Close to 50 people gathered outside the Broward Transitional Center in Pompano Beach, Fla., on Sunday to protest what they consider the unjust detention of their loved ones. Holding signs and chanting “undocumented, unafraid,” protesters clamored for the release of their relatives, many of whom have been detained for several months even though they are low-priority cases and have no previous criminal records. Activists claim that there are hundreds of such cases inside detention centers across the United States, despite the Obama administration’s promise to prioritize deportations of criminals.
Among those protesting was Leslie Chavez, whose father was arrested for driving without a license. He’s been in detention for the last four months. “It’s been really rough since he left. I’m the sole breadwinner right now, and I’m only 19 years old,” said Chavez.
Although the crowd was mainly Hispanic, Nina Kachanova from Russia was there demonstrating for the release of her husband, Vasiliy Melnikov. He was arrested two months ago during a routine traffic stop and has been in detention despite not having a criminal record. “Instead of having a honeymoon or a vacation, I’m here every weekend with signs petitioning to let him out,” said Kachanova. She protests every Sunday by herself in front of the detention center, but today she stumbled upon the larger group.
The protest has been part of a tumultuous week for the Broward Transitional Center after two undocumented activists, Viridiana Martinez and Marco Saavedra, infiltrated the detention center and reported that inside are numerous detainees with no criminal record, and youth who qualify for deferred action under President Obama’s new policy.
ICE has downplayed the activists’ allegations. Through a statement to Univision they said: “Broward Transitional Center is a minimum security civil detention facility that generally houses mandatory detention and low level criminal cases.
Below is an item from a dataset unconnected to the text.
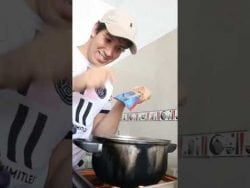 CÓMO HACER CALDO DE GALLINA FÁCIL Y RÁPIDO? 😋🤔🍜🇵🇪 #shorts #perú #shortsvideo #receta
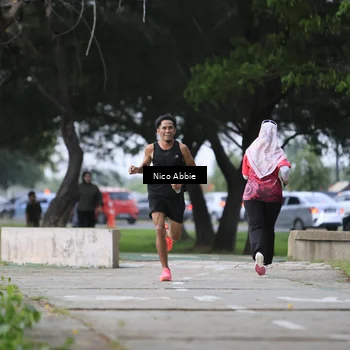 Runner Photo 8446251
The population is regularly reviewed for cases appropriate for release on alternatives to detention, prosecutorial discretion and most recently the Secretary’s new policy on deferred action.”
Martinez and Saavedra, who are protected from deportation because they qualify for deferred action, were released on Friday afternoon after their story made national headlines. However, less than 48 hours after their release, they were arrested at Sunday’s protest when they refused to unblock the street. Two more were arrested with them, Daniel Alvarado and Ally Ruiz.